## [Directions]
Using the records below, write out again exactly the lines that begin at the line containing "Blumenglas Nachttischlampe Tiffany-Nachttisch-Lampe" and end at the line containing "Victorian Walking Stick", and no other lines.

## [Records shown]
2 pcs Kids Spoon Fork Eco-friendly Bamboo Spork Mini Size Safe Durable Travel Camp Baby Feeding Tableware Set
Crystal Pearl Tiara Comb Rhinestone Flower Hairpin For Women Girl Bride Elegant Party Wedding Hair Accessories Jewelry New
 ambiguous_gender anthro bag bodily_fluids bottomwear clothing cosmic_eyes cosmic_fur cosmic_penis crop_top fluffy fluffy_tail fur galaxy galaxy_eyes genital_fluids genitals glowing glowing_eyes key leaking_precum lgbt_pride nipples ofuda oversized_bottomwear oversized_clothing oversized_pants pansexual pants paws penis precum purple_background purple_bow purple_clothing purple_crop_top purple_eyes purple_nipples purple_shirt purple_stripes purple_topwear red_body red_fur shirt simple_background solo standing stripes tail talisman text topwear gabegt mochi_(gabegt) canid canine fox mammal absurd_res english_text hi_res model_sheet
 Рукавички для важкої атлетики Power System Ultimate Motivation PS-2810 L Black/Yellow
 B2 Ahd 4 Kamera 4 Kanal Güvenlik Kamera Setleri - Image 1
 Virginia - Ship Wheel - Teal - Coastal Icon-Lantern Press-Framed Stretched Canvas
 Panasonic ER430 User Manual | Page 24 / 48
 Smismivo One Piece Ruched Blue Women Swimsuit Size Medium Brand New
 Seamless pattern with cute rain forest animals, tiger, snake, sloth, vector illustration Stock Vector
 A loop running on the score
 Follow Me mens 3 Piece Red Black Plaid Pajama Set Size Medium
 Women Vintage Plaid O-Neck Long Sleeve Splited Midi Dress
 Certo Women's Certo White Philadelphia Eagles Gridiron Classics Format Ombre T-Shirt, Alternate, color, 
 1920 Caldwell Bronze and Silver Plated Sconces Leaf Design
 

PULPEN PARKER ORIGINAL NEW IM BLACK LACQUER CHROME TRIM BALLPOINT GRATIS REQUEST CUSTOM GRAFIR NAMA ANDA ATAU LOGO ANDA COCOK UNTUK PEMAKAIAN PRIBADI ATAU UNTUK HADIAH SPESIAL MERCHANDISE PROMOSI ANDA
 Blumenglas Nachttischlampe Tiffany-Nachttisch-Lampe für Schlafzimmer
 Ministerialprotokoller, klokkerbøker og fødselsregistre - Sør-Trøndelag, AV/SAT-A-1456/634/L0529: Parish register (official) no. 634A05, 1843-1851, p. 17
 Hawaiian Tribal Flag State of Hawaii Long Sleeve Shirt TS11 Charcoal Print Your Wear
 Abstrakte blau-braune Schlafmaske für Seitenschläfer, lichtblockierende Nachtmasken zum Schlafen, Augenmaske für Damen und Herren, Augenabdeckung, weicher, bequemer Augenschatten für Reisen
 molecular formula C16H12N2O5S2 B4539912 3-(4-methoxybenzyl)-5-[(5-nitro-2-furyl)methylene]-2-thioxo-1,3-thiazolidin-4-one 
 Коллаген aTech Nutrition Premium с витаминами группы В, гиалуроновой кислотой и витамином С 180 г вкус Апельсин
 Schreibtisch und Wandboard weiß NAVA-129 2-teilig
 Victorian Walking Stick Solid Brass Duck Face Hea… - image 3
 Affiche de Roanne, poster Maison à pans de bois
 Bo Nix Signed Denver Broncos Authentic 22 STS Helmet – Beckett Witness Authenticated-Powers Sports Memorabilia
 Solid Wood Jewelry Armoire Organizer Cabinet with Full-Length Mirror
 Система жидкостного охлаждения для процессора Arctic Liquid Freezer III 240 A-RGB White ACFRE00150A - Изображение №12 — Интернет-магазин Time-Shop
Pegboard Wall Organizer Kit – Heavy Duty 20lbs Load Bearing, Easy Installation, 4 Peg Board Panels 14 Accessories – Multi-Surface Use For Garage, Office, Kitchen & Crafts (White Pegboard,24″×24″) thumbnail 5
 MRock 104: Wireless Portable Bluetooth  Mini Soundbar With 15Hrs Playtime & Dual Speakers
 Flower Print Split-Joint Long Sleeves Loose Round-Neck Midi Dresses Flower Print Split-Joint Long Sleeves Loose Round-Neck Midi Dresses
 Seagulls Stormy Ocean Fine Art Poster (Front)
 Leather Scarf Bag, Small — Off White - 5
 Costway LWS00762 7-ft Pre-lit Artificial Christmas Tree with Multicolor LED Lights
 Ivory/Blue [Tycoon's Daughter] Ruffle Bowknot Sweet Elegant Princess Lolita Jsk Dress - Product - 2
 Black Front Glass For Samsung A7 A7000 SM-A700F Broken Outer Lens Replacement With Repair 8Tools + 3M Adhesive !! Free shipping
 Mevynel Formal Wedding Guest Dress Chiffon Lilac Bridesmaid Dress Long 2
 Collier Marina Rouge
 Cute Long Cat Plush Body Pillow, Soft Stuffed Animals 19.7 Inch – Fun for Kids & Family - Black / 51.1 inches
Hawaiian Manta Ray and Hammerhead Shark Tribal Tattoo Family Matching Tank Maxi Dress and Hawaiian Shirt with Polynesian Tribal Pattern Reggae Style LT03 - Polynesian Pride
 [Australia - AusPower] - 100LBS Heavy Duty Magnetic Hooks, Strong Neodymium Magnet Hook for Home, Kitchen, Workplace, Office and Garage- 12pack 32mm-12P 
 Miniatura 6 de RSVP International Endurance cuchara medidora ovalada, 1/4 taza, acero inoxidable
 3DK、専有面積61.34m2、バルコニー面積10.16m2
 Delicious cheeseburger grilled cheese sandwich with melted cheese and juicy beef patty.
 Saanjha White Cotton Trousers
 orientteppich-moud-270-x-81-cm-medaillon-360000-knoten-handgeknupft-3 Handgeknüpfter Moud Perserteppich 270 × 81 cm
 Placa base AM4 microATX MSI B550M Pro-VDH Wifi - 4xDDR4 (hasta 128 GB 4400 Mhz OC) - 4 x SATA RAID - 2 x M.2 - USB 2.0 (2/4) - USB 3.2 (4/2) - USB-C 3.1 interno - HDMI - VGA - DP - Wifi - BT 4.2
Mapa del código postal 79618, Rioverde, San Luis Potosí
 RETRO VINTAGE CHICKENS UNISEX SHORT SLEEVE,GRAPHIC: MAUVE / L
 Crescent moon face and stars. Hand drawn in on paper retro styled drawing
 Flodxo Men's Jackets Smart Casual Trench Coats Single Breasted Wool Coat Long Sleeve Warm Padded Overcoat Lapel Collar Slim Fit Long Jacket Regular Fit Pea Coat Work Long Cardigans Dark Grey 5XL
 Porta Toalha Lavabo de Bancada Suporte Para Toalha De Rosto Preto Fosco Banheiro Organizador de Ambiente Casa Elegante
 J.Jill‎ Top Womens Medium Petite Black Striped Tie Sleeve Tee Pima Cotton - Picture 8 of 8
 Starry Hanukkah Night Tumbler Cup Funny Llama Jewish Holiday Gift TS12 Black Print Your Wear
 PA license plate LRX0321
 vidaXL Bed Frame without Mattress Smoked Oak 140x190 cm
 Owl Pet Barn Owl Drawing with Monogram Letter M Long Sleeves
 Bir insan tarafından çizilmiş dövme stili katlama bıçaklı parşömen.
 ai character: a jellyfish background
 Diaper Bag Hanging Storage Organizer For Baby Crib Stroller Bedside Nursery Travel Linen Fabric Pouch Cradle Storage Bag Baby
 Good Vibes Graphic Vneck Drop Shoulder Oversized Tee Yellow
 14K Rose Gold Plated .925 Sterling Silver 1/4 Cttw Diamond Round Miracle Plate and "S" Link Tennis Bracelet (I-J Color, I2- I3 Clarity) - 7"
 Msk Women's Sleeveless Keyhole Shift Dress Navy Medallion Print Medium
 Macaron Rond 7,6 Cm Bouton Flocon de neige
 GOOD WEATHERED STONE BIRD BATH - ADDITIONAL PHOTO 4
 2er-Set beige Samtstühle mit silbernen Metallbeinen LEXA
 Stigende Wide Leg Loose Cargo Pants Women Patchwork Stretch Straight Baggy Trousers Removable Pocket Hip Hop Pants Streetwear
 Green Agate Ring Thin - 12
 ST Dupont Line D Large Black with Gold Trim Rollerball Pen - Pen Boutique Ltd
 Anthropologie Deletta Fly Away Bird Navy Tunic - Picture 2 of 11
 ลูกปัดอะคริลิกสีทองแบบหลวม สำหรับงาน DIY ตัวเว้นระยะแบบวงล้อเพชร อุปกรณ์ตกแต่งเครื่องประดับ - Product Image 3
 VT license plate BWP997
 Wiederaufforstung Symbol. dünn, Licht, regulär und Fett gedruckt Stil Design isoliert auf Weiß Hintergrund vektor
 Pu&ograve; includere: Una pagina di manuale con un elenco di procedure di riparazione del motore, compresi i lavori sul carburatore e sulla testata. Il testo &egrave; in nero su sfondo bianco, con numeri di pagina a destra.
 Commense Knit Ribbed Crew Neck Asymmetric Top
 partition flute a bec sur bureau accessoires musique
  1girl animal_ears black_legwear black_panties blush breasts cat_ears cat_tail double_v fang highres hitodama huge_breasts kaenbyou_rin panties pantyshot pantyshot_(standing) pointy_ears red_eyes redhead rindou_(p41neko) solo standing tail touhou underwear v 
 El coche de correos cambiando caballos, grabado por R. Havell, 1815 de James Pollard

## [Exercise answer]
 Blumenglas Nachttischlampe Tiffany-Nachttisch-Lampe für Schlafzimmer
 Ministerialprotokoller, klokkerbøker og fødselsregistre - Sør-Trøndelag, AV/SAT-A-1456/634/L0529: Parish register (official) no. 634A05, 1843-1851, p. 17
 Hawaiian Tribal Flag State of Hawaii Long Sleeve Shirt TS11 Charcoal Print Your Wear
 Abstrakte blau-braune Schlafmaske für Seitenschläfer, lichtblockierende Nachtmasken zum Schlafen, Augenmaske für Damen und Herren, Augenabdeckung, weicher, bequemer Augenschatten für Reisen
 molecular formula C16H12N2O5S2 B4539912 3-(4-methoxybenzyl)-5-[(5-nitro-2-furyl)methylene]-2-thioxo-1,3-thiazolidin-4-one 
 Коллаген aTech Nutrition Premium с витаминами группы В, гиалуроновой кислотой и витамином С 180 г вкус Апельсин
 Schreibtisch und Wandboard weiß NAVA-129 2-teilig
 Victorian Walking Stick Solid Brass Duck Face Hea… - image 3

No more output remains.